▶ _YOUR OBJECTIVE_:
An exact copy of the records is needed; please leave the images out.

(Short descriptive text snippets)
:::::
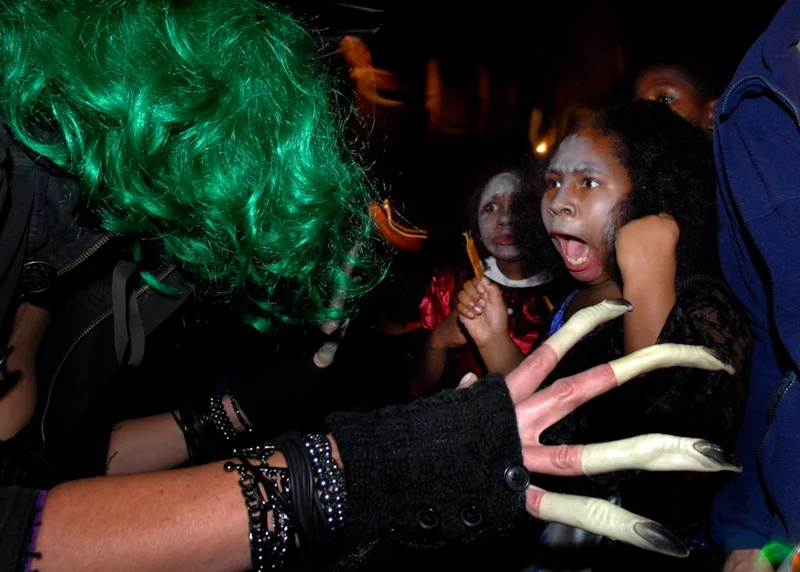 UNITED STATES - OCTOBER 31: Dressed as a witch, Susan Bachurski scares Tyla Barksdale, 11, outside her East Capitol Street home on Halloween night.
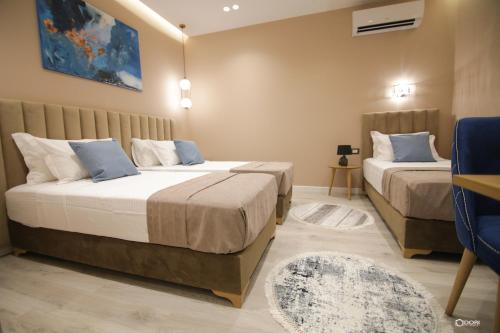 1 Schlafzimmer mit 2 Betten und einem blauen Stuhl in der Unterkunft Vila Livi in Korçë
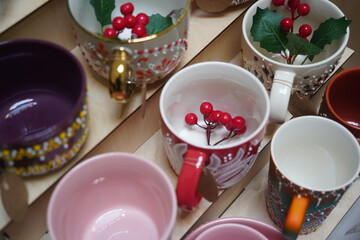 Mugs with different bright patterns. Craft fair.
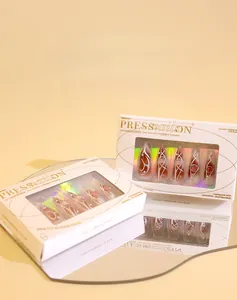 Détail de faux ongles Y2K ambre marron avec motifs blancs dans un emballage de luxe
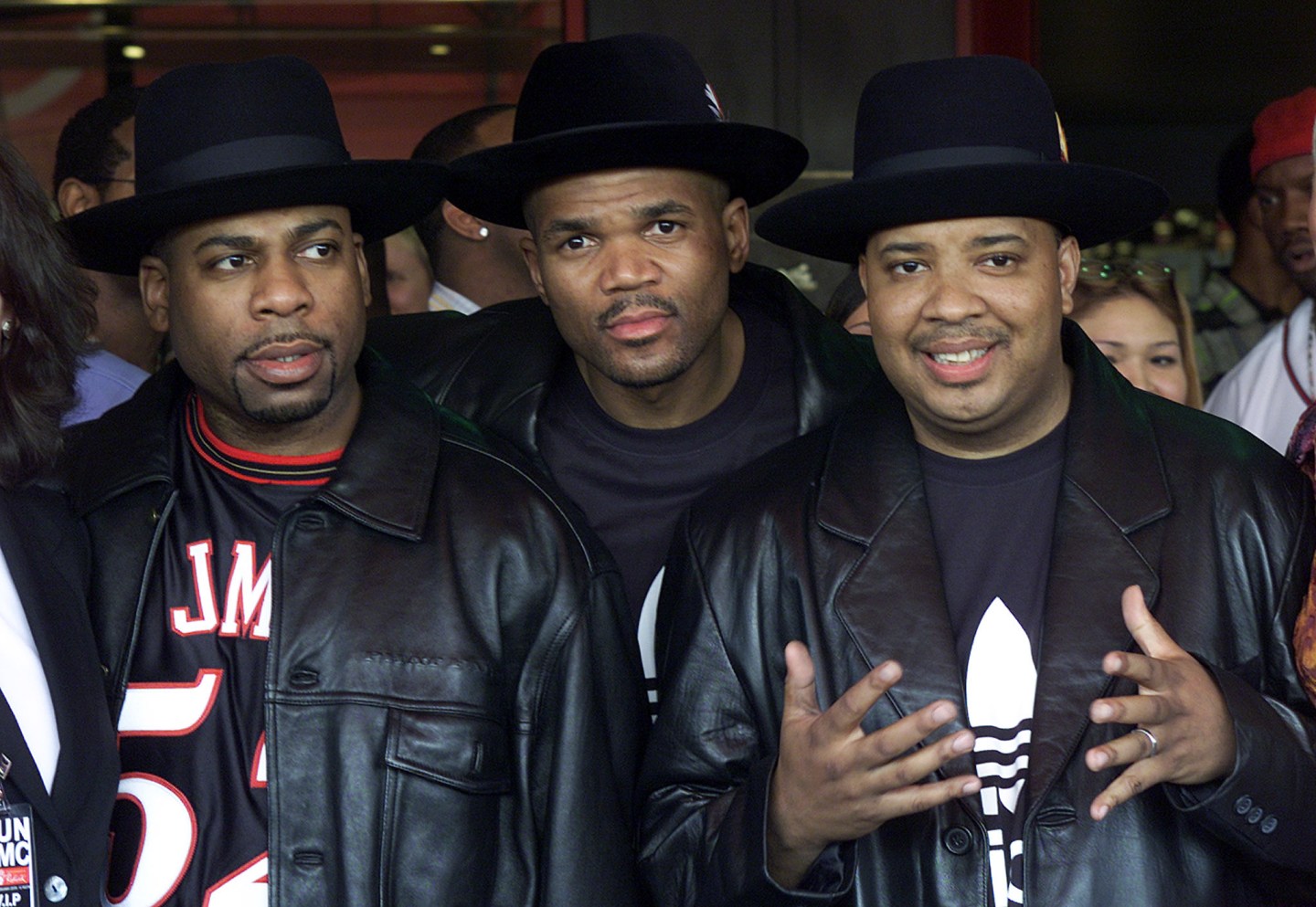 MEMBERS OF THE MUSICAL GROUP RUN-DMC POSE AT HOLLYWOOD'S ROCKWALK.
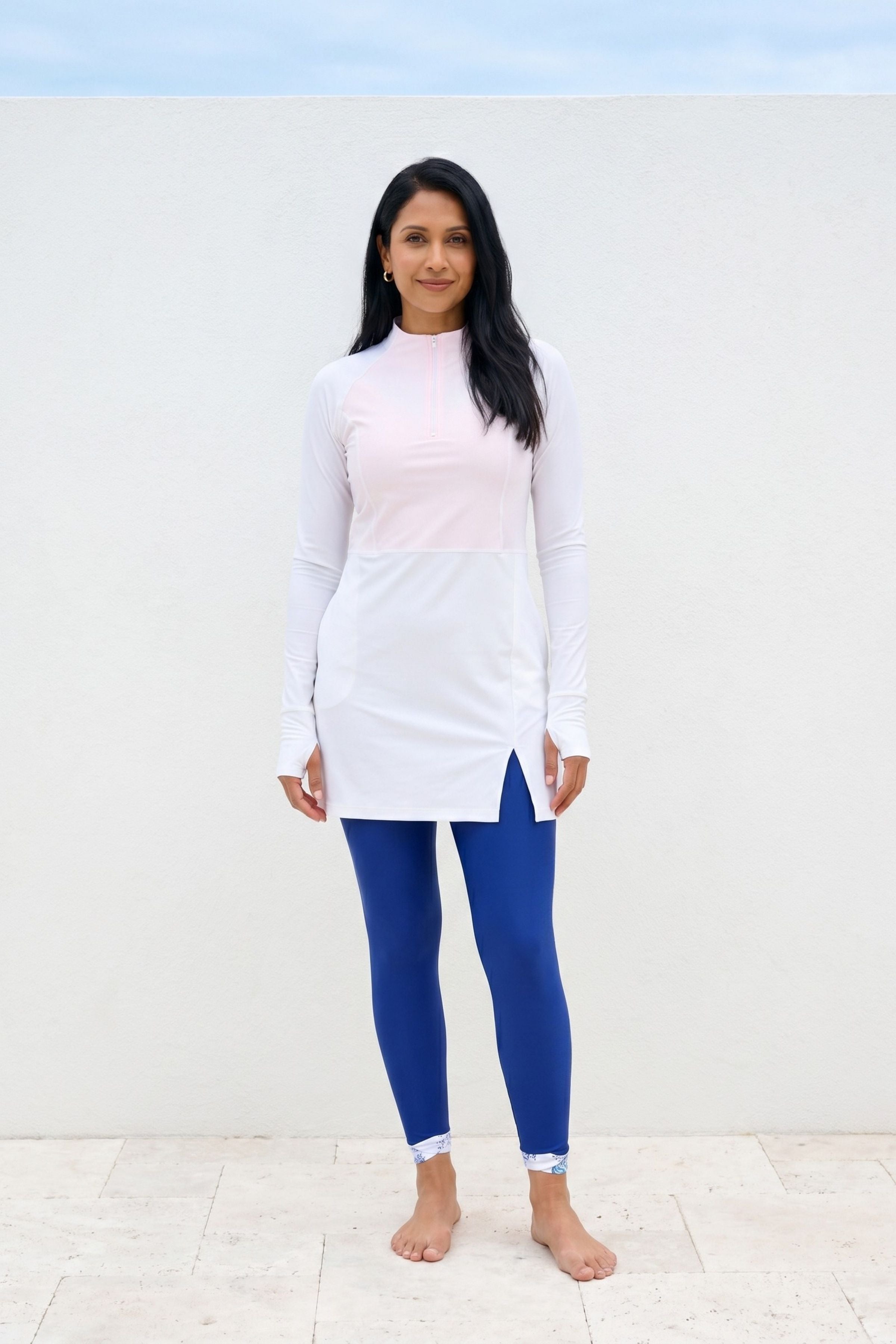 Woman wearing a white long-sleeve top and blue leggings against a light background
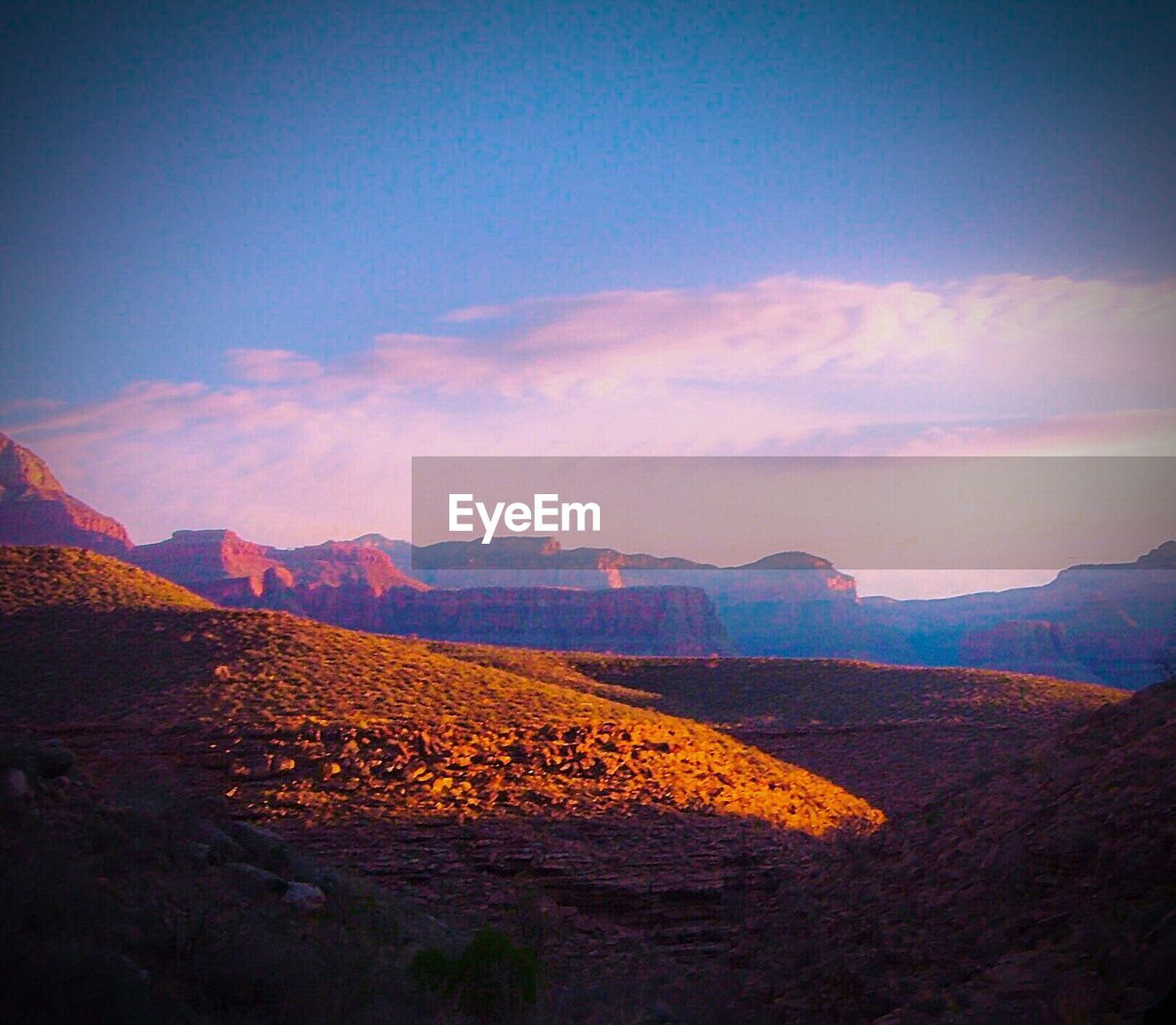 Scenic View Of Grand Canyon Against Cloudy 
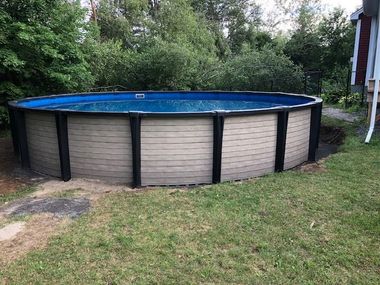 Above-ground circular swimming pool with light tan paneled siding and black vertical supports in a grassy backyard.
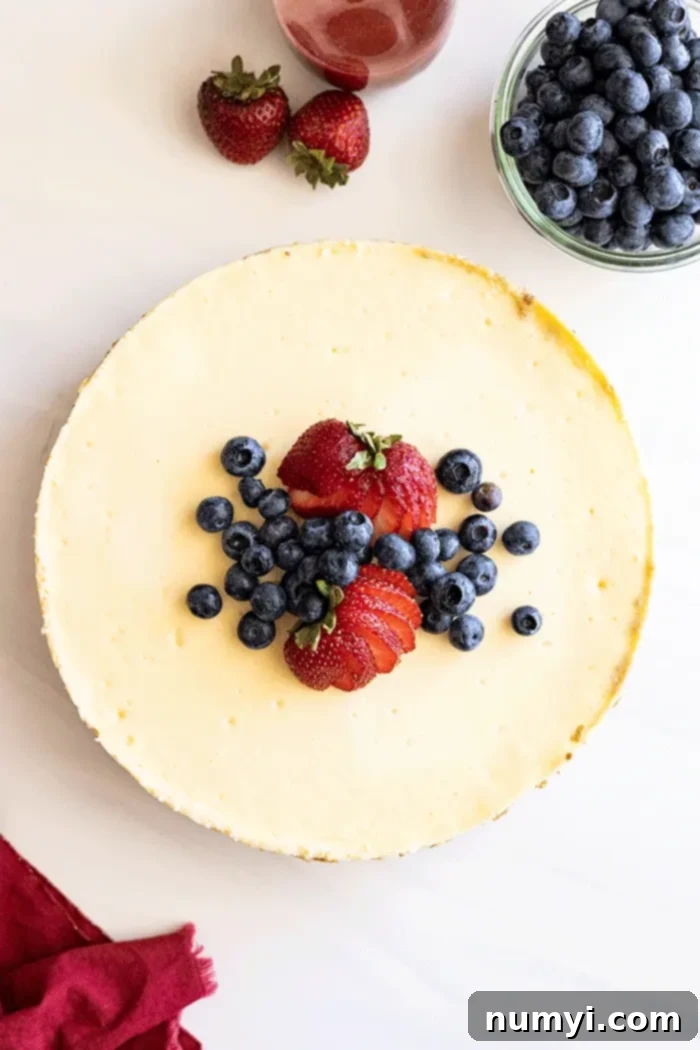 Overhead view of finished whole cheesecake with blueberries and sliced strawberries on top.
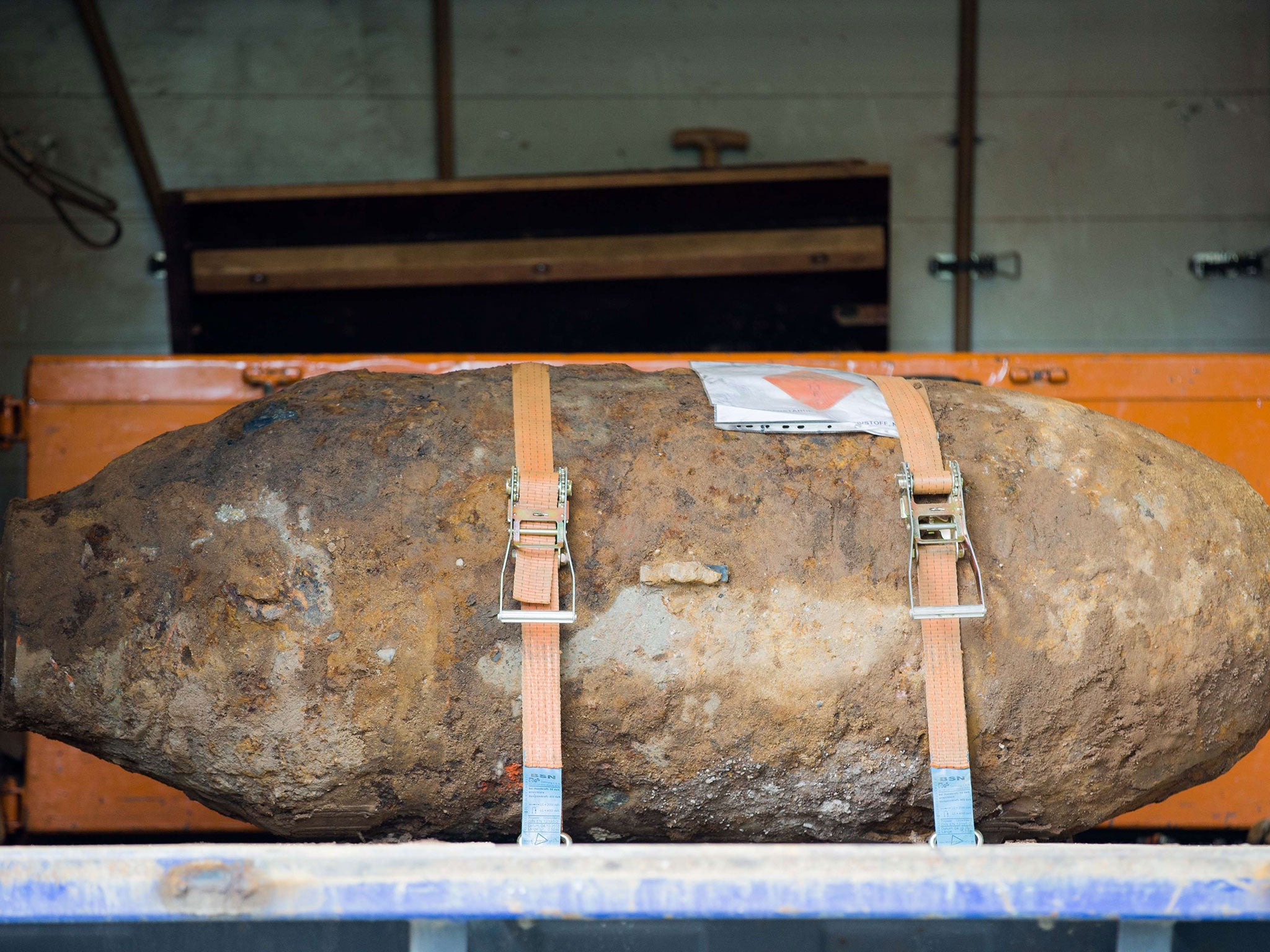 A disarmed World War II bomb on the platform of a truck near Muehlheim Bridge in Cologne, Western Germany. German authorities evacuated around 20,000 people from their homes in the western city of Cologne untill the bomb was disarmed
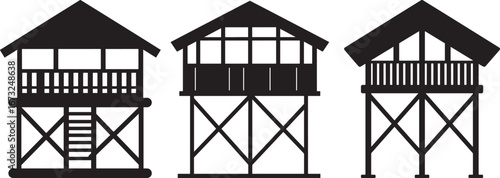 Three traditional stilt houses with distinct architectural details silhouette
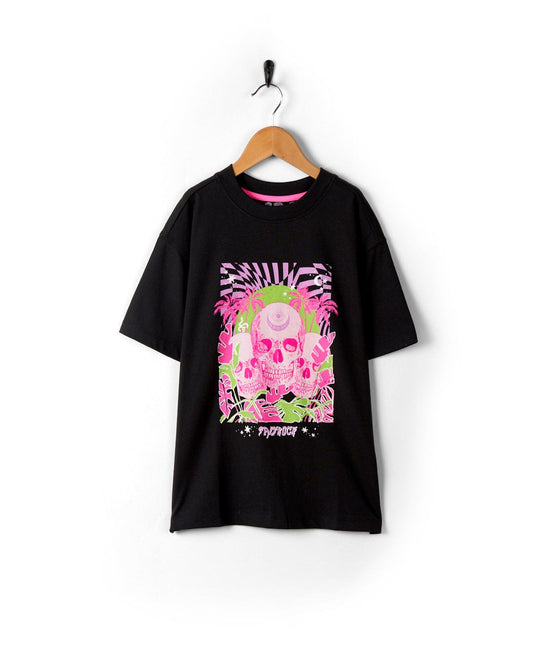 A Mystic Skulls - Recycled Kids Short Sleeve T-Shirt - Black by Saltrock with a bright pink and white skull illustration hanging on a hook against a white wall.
:::::
▶ _EXERCISE SOLUTION_:
 UNITED STATES - OCTOBER 31: Dressed as a witch, Susan Bachurski scares Tyla Barksdale, 11, outside her East Capitol Street home on Halloween night.
 1 Schlafzimmer mit 2 Betten und einem blauen Stuhl in der Unterkunft Vila Livi in Korçë
 Mugs with different bright patterns. Craft fair.
 Détail de faux ongles Y2K ambre marron avec motifs blancs dans un emballage de luxe
 MEMBERS OF THE MUSICAL GROUP RUN-DMC POSE AT HOLLYWOOD'S ROCKWALK.
 Woman wearing a white long-sleeve top and blue leggings against a light background
 Scenic View Of Grand Canyon Against Cloudy 
 Above-ground circular swimming pool with light tan paneled siding and black vertical supports in a grassy backyard.
 Overhead view of finished whole cheesecake with blueberries and sliced strawberries on top.
 A disarmed World War II bomb on the platform of a truck near Muehlheim Bridge in Cologne, Western Germany. German authorities evacuated around 20,000 people from their homes in the western city of Cologne untill the bomb was disarmed
 Three traditional stilt houses with distinct architectural details silhouette
 A Mystic Skulls - Recycled Kids Short Sleeve T-Shirt - Black by Saltrock with a bright pink and white skull illustration hanging on a hook against a white wall.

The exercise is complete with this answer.